▸ **What you have to do**
Please retype the records below exactly, leaving out any pictures.

▸ **Listed records**
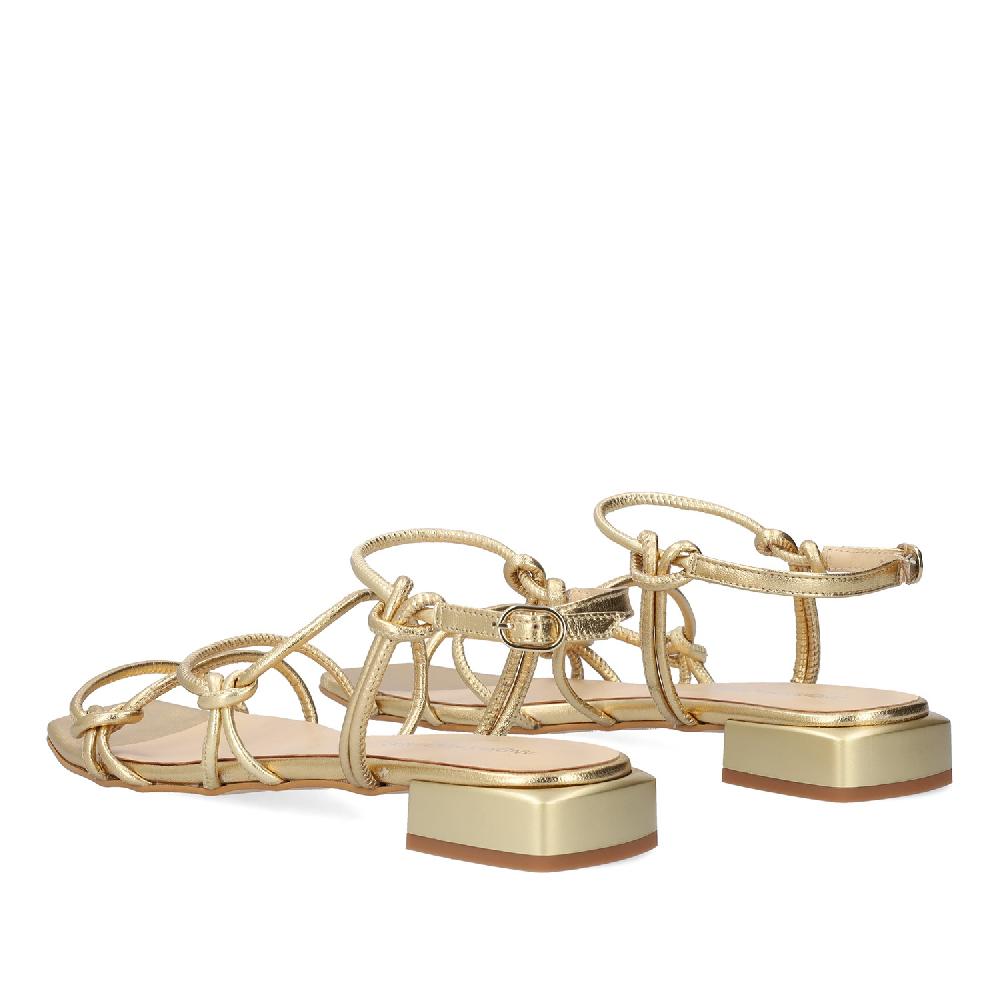 Andres machado Sandalia plana en piel Oro Rebajas online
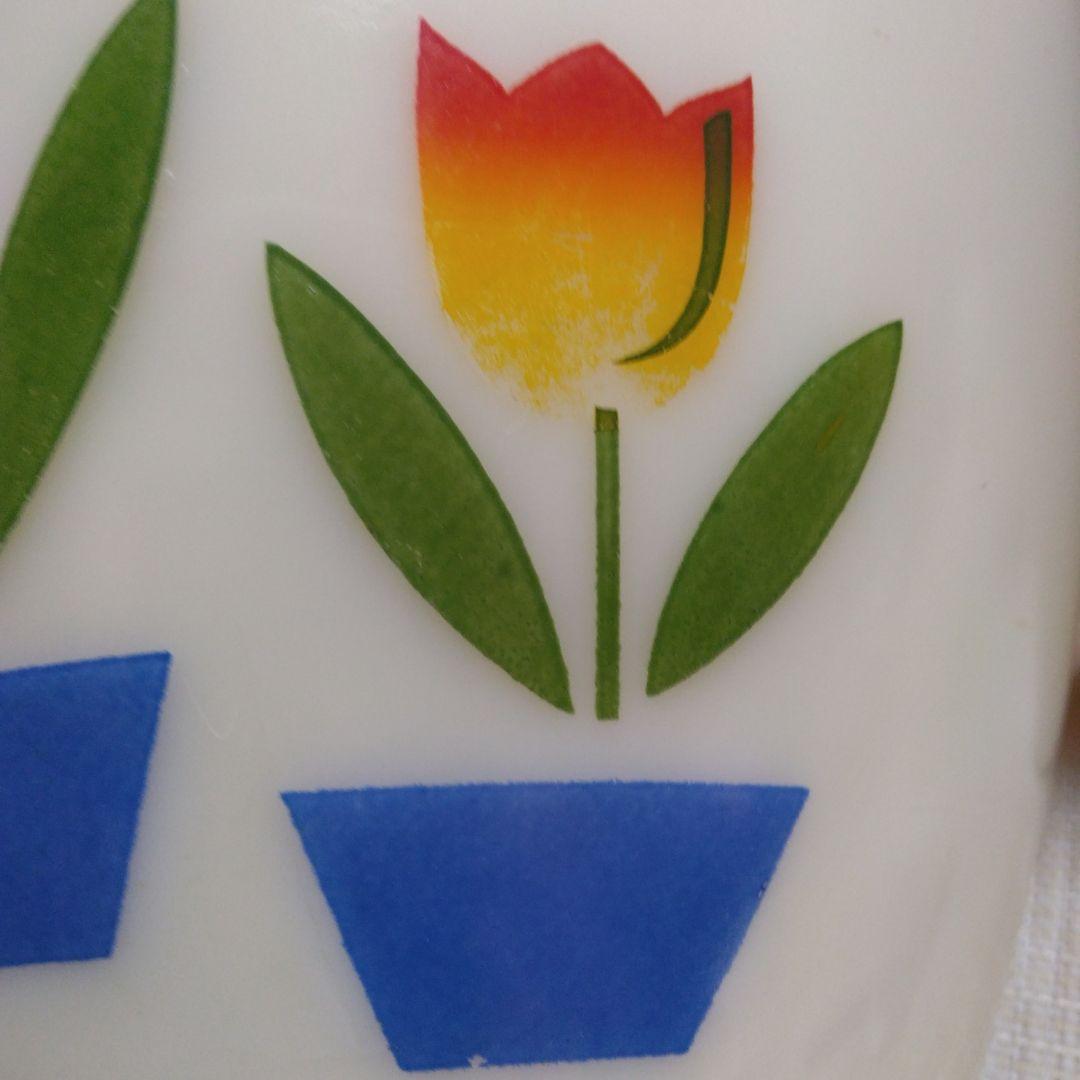 ヴィンテージFire King チューリップ柄 ボウル LL アイボリー·美品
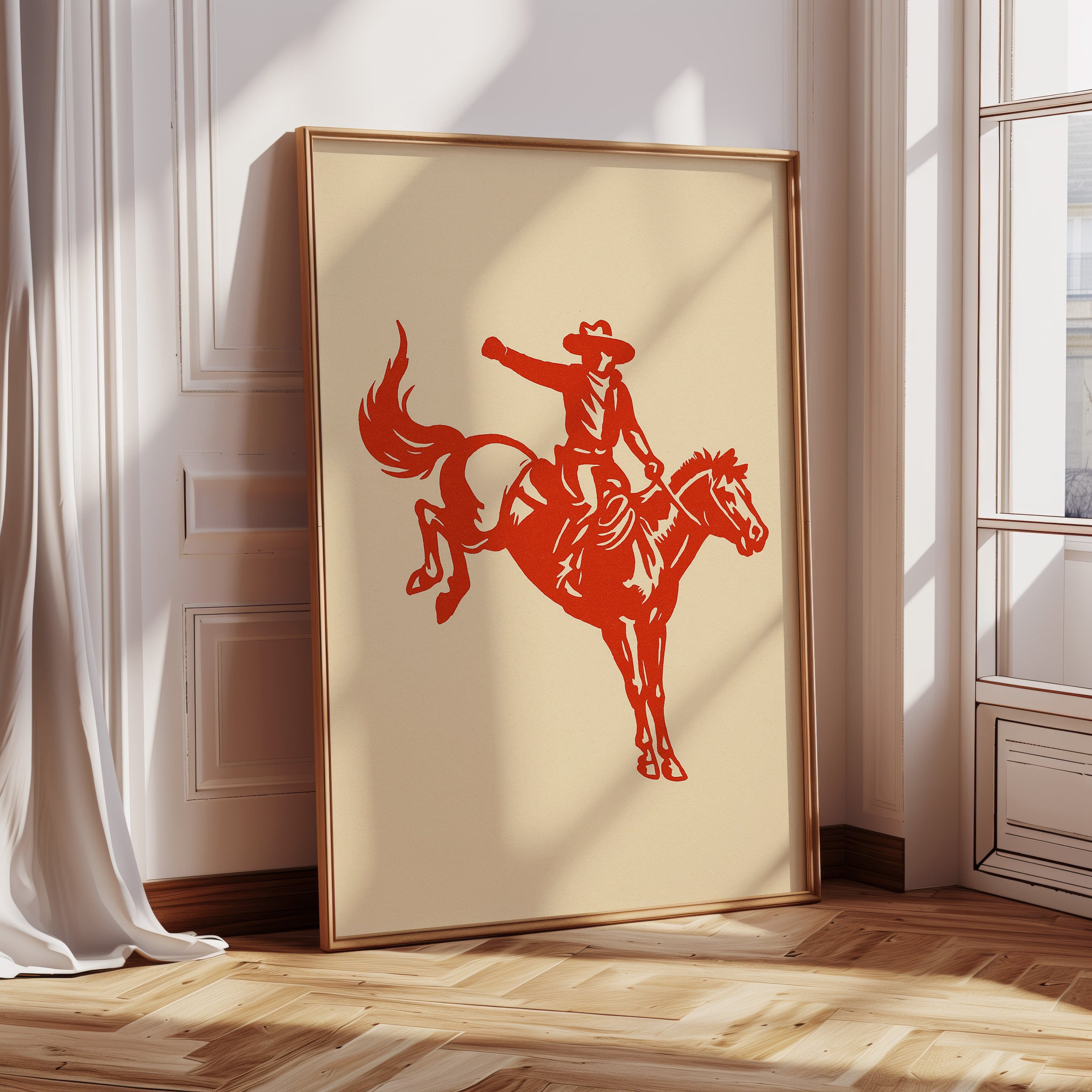 Retro Rodeo Cowboy Print
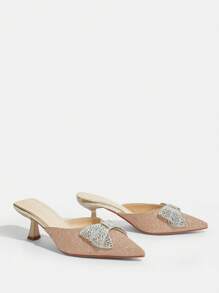 CUCCOO TILAWA Women's Square Toe Thin Heel Glitter Butterfly Decor Slip-On Sandals, Comfortable & Versatile Design For Daily, Party Or Festival Wear Fall - Rose Gold - View 4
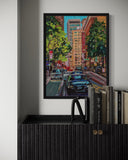 Heather Nagy - "Atlanta Street scene 3 (Along Peachtree by the Weston Hotel)"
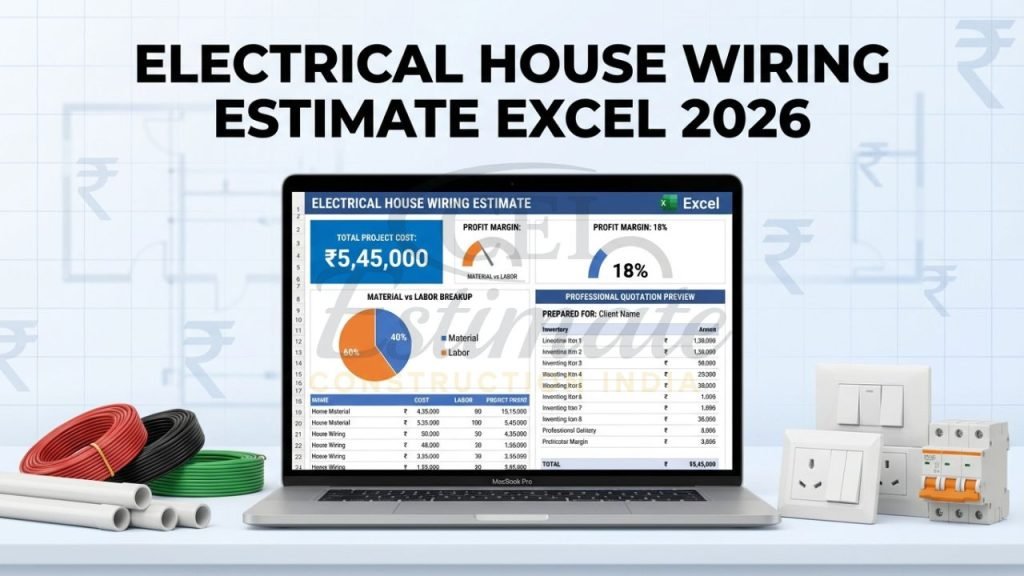 Professional electrical house wiring estimate Excel template dashboard for Indian contractors with BOQ, GST and load calculator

▸ **Worked solution**
 Andres machado Sandalia plana en piel Oro Rebajas online
 ヴィンテージFire King チューリップ柄 ボウル LL アイボリー·美品
 Retro Rodeo Cowboy Print
 CUCCOO TILAWA Women's Square Toe Thin Heel Glitter Butterfly Decor Slip-On Sandals, Comfortable & Versatile Design For Daily, Party Or Festival Wear Fall - Rose Gold - View 4
 Heather Nagy - "Atlanta Street scene 3 (Along Peachtree by the Weston Hotel)"
 Professional electrical house wiring estimate Excel template dashboard for Indian contractors with BOQ, GST and load calculator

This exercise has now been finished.